Le gouvernement français, mal élu, ne se maintient donc au pouvoir que par des forces mauvaises et instables, qui n’ont rien à faire dans un pays vraiment libre, sinon peut-être pour notre amusement sur les estrades sur-éclairées du show-business : la péroraison, le mot creux, la calomnie, la prétention, la folie de grandeurs, le dogmatisme, le venin et le sang. Et il a le culot d’appeler cela l’ordre républicain. Mais les brutes ne commandent qu’aux abrutis. La République, c’est nous. L’ordre, c’est nous.

Car nos chefs à nous, ceux que nous voulons, ceux qui sont dignes de nous, ne voltigent pas sur de grosses motos, en uniforme trafiqué, maniant la trique, la bombe, la torgnole, l’insulte et la prison. Ils ne provoquent pas une foule en colère derrière des bandes armées. Ils ne violent pas la loi qu’ils sont censés faire respecter et ils ne frappent pas les citoyens qu’ils sont censés protéger. Ils ne mentent pas. Ils ne truquent pas. Ils ne préfèrent pas le riche au pauvre, le puissant à l’impuissant, le dominant au dominé, le faux au vrai, le mort au vivant, le chiffre à la chair. Cela, c’est le non-droit et c’est le désordre.

C’est-à-dire finalement que nous sommes les seuls vrais réalistes de cette époque…

Nos chefs à nous, ce sont avant tout des pensées. Ce sont les idées, les hautes idées que nous nous faisons de l’existence humaine, de nos rapports entre nous et avec le monde dans lequel nous vivons si peu de temps, et si pauvrement. Ils se trompent s’ils pensent que cela se négocie.

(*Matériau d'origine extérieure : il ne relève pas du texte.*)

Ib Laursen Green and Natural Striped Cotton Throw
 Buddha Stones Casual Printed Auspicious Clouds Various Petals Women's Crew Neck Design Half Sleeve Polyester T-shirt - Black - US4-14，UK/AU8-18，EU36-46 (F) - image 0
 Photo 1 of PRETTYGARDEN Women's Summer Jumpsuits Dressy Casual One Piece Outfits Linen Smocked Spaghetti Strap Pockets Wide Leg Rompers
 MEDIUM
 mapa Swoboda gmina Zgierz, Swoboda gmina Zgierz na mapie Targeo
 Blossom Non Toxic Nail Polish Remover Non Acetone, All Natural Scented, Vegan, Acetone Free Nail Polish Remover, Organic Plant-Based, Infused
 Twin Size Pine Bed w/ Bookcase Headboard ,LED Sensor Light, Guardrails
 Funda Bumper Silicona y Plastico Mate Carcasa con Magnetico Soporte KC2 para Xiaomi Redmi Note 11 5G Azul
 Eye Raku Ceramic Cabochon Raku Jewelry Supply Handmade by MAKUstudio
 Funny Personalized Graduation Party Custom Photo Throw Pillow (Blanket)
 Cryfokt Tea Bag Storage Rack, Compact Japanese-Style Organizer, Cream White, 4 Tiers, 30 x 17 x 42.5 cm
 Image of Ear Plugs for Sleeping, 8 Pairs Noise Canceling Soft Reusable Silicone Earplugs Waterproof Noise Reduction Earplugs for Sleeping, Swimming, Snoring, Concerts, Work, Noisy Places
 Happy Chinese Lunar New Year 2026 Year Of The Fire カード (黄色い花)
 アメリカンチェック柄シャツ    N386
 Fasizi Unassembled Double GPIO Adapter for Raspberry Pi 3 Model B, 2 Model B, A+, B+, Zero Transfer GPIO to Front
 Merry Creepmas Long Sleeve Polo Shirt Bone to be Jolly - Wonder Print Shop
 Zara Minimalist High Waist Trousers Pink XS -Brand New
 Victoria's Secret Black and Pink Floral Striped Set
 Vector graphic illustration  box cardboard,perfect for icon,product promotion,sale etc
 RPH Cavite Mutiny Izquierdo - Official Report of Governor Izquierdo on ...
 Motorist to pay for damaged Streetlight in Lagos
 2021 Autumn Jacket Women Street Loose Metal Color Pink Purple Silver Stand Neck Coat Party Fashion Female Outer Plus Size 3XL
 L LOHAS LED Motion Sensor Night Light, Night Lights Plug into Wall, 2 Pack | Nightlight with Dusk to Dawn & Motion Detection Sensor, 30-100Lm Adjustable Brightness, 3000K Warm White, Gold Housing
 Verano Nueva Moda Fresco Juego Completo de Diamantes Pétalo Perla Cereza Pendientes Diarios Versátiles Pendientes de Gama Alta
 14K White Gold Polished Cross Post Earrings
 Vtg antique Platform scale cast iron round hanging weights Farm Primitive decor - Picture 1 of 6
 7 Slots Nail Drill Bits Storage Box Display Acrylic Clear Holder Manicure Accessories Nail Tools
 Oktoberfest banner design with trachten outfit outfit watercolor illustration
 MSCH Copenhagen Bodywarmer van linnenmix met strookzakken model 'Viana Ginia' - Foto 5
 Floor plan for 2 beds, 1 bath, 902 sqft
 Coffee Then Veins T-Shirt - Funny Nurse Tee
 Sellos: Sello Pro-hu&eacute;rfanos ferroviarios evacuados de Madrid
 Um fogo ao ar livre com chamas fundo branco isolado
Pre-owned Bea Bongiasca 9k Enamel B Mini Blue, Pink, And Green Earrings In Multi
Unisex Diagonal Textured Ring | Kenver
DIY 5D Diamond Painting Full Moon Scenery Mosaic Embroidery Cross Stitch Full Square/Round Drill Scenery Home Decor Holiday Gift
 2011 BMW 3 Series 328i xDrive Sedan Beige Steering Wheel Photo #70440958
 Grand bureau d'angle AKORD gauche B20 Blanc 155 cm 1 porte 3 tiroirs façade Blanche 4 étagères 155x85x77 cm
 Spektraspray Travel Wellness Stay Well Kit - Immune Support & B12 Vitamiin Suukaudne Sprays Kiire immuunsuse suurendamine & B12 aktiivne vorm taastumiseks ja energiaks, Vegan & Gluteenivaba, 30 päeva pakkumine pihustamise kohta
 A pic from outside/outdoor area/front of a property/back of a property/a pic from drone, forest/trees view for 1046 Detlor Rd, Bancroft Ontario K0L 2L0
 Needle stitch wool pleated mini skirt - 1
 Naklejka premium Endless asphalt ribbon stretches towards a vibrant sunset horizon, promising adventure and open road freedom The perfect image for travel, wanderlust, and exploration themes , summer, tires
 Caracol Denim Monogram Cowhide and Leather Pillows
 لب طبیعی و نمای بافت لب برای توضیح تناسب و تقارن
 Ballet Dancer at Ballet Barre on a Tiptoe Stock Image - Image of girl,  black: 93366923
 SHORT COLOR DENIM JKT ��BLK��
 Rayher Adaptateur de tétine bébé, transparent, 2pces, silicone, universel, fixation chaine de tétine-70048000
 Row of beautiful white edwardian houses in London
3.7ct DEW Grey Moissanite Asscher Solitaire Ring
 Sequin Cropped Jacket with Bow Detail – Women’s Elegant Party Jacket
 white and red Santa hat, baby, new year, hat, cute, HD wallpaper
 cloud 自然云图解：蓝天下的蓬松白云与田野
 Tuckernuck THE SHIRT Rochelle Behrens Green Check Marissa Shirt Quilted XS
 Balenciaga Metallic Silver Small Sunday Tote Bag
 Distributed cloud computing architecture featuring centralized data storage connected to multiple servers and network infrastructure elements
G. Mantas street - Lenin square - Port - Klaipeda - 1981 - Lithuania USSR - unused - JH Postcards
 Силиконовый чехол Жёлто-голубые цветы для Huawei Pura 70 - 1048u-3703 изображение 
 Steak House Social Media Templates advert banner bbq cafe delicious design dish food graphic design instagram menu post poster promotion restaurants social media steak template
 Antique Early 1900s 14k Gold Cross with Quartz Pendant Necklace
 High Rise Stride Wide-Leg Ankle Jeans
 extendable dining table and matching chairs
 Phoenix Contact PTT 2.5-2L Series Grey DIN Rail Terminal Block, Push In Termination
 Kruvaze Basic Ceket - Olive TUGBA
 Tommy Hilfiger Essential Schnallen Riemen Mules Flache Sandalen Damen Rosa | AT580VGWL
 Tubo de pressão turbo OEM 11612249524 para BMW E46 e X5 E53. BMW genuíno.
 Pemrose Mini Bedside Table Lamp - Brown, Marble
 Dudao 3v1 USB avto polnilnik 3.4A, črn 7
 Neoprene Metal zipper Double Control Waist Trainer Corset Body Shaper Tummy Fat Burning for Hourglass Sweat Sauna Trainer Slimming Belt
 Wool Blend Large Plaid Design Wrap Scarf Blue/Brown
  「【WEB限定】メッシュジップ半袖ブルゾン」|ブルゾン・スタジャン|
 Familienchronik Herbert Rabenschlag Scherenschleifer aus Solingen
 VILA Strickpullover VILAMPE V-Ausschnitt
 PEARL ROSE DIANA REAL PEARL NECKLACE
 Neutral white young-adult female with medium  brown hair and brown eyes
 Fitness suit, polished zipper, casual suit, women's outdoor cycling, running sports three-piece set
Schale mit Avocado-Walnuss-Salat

C’est-à-dire finalement que nous sommes les seuls vrais réalistes de cette époque de misère, d’arrogance et de feu : derrière ceux qui parlent pour nous, nous exigeons la dignité, le secours, l’amitié, la paix entre nous et avec les autres, le grand effort pour être à la hauteur des choses terribles, la justice et l’égalité, la maîtrise de nos vies. Et donc aussi — et c’est là que se concentre le choc — la destitution des Ubus rois, de leurs Dames, de leur Cheval à phynances et de leur Machine à décerveler.